Somewhere between the budget Lumia 735 and the flagship Lumia 930, you'll find the Lumia 830. Not quite a flagship, the Lumia 830 aims at the higher end of the middle market, competing against the Galaxy S5 Mini and HTC One Mini 2 on contract with prices on EE hitting £33.99pm to get the Lumia 830 for free with 4GB of double speed 4G and free EU roaming.
Alternatively, you can also get it for £19.99 with no extras and a £59.99 upfront fee. In the US, it's available for $99.99 with an AT&T plan. If you're looking for more freedom, the Lumia 830 can found for £280.99 on PAYG or £304.99 SIM free. In the US, you can buy it for US$449.99 without a service plan, while in Australia you can pick it up for AU$535 at JB HiFi.

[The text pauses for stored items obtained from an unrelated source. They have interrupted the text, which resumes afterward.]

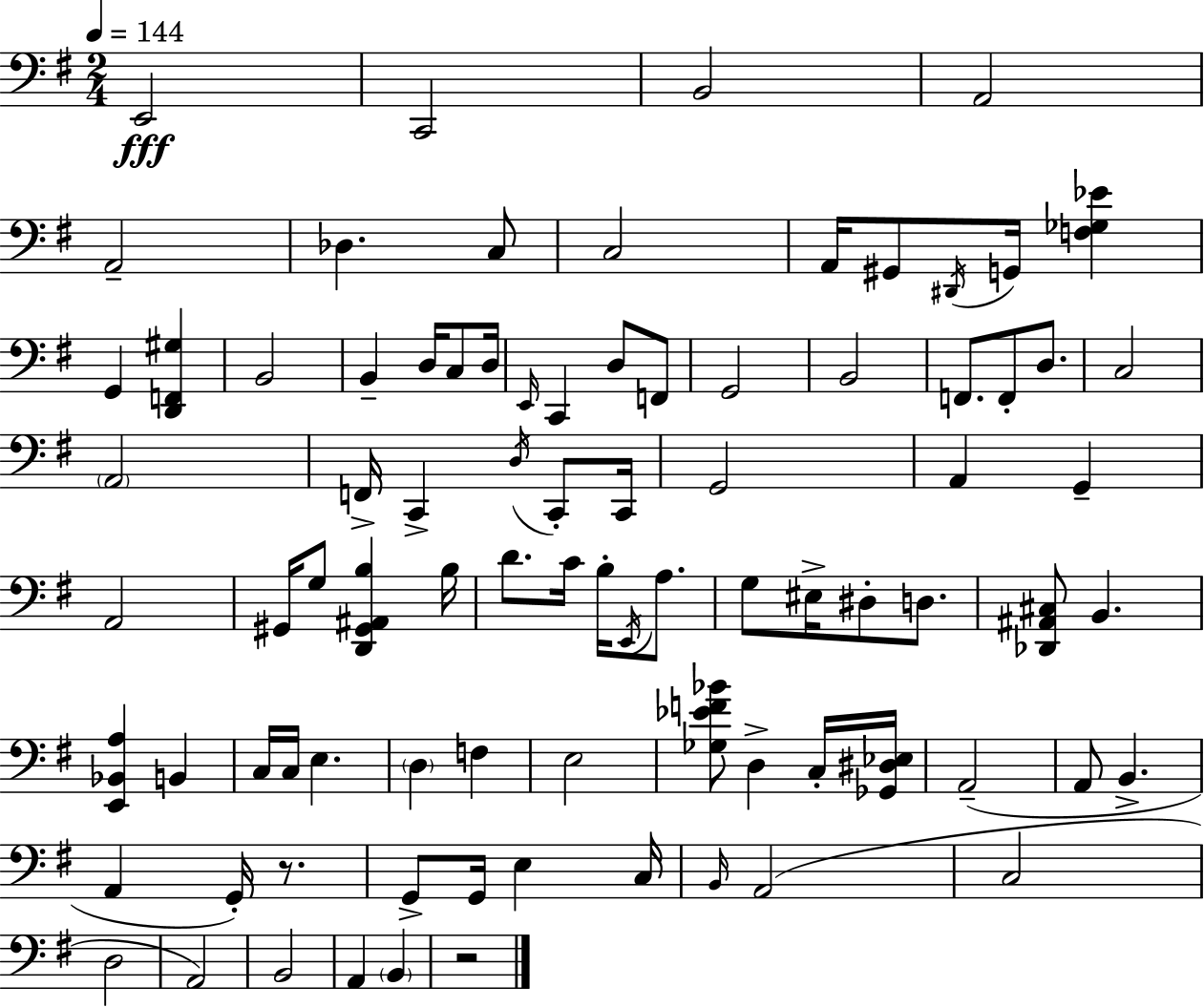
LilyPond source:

{
  \clef bass
  \numericTimeSignature
  \time 2/4
  \key g \major
  \tempo 4 = 144
  \repeat volta 2 { e,2\fff | c,2 | b,2 | a,2 | \break a,2-- | des4. c8 | c2 | a,16 gis,8 \acciaccatura { dis,16 } g,16 <f ges ees'>4 | \break g,4 <d, f, gis>4 | b,2 | b,4-- d16 c8 | d16 \grace { e,16 } c,4 d8 | \break f,8 g,2 | b,2 | f,8. f,8-. d8. | c2 | \break \parenthesize a,2 | f,16-> c,4-> \acciaccatura { d16 } | c,8-. c,16 g,2 | a,4 g,4-- | \break a,2 | gis,16 g8 <d, gis, ais, b>4 | b16 d'8. c'16 b16-. | \acciaccatura { e,16 } a8. g8 eis16-> dis8-. | \break d8. <des, ais, cis>8 b,4. | <e, bes, a>4 | b,4 c16 c16 e4. | \parenthesize d4 | \break f4 e2 | <ges ees' f' bes'>8 d4-> | c16-. <ges, dis ees>16 a,2--( | a,8 b,4.-> | \break a,4 | g,16-.) r8. g,8-> g,16 e4 | c16 \grace { b,16 }( a,2 | c2 | \break d2 | a,2) | b,2 | a,4 | \break \parenthesize b,4 r2 | } \bar "|."
}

What does this actually get you though? The Lumia 830 has a metal body and a 5-inch, 294ppi, 720p HD screen. Under the skin, there's a quad-core Snapdragon 400 CPU clocked at 1.2GHz backed with 1GB RAM to run Windows Phone 8.1, and it also includes a 10MP PureView camera with Carl Zeiss lenses.
Metal handsets are often commended for their premium feel - a perception driven by the iPhone range and the HTC One M8, But I think that the metal frame is actually detrimental to the Lumia 830.

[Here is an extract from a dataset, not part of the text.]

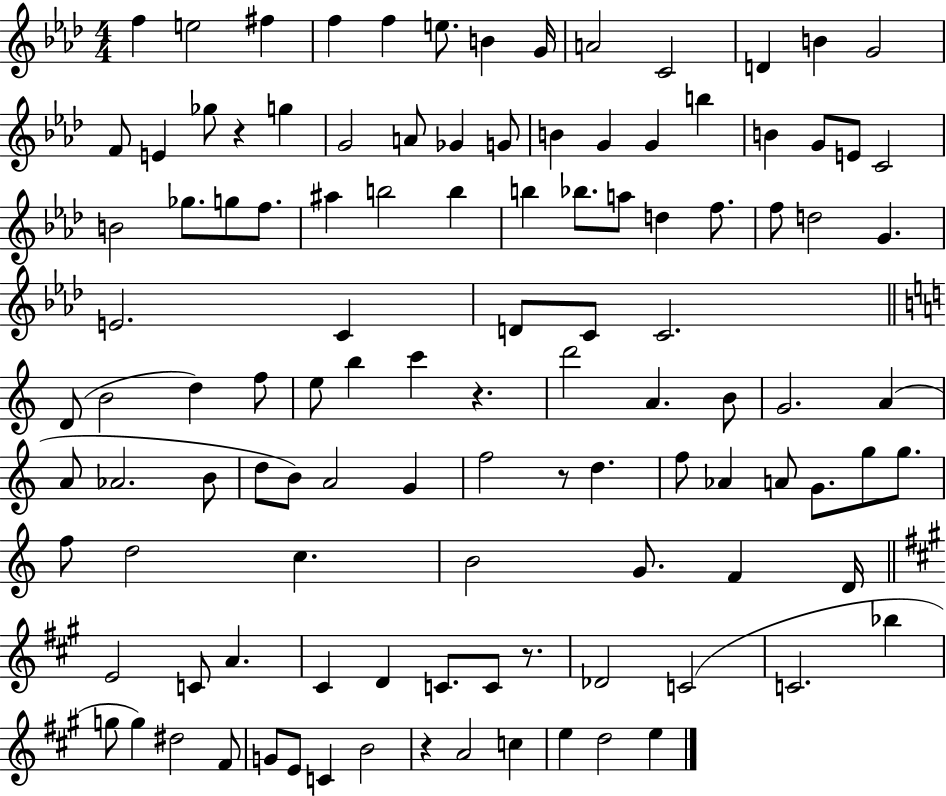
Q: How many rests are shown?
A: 5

This is in part because of the plastic back, which detracts from the overall feel, and partly because of the shape. While the HTC One M8 comes with a beautifully ergonomic curved back, and the iPhone 6 is nicely rounded, the Lumia 830 just feels like a metal brick.
The chassis comes in two colours. The silver version is the less attractive: the contrast with the black face exaggerates the overall squareness of the handset. The black version has a more elegant look.
Couple the hard lines with the larger 139.4 x 70.7 x 8.5mm frame and you're left with a phone that sits uncomfortably in the hand. It also feels a little heavy at 150g. Despite the metal build, I would not feel overly confident about the chances of a phone this hefty surviving a drop.
The plastic back plate of the 830 makes it slightly grippier, but comes with its own faults. Being exceptionally thin means that it feels borderline flimsy, especially when I removed it to pop in the SIM. And that's before I get to the colours.
The Lumia 830 comes in four colours: a silver frame with white, orange or green back, and a black frame with black back. My review model was silver and orange, and I'm not a fan. Bright shades are a hallmark of the Lumia range - but whereas the 735 is enveloped in fun and outrageous colours, the orange and green plates on the 830 simply seem unnecessarily garish.
The Lumia 830 has soft back, Windows and search keys below the screen (so there are no on-screen navigation buttons) as well as the traditional hard volume rocker and power/lock key. There is a dedicated shutter key located with the other hard buttons on the right hand edge, which can be used to launch directly into the camera app.
On the top edge, you'll find the standard 3.5mm headphone jack, and microUSB port for charging and connecting to a PC. This is perfect for the headphone port, as it means you can slip the Lumia 830 into your pocket while listening to music. However, it's a different story for charging.
There must be a good internal design reason why the microUSB port is on the top, but it makes it awkward to use the Lumia 830 when it's connected to the wall. However, a strong battery performance means this is unlikely to be an issue. With normal usage, you'll only have to charge it at the end of the day.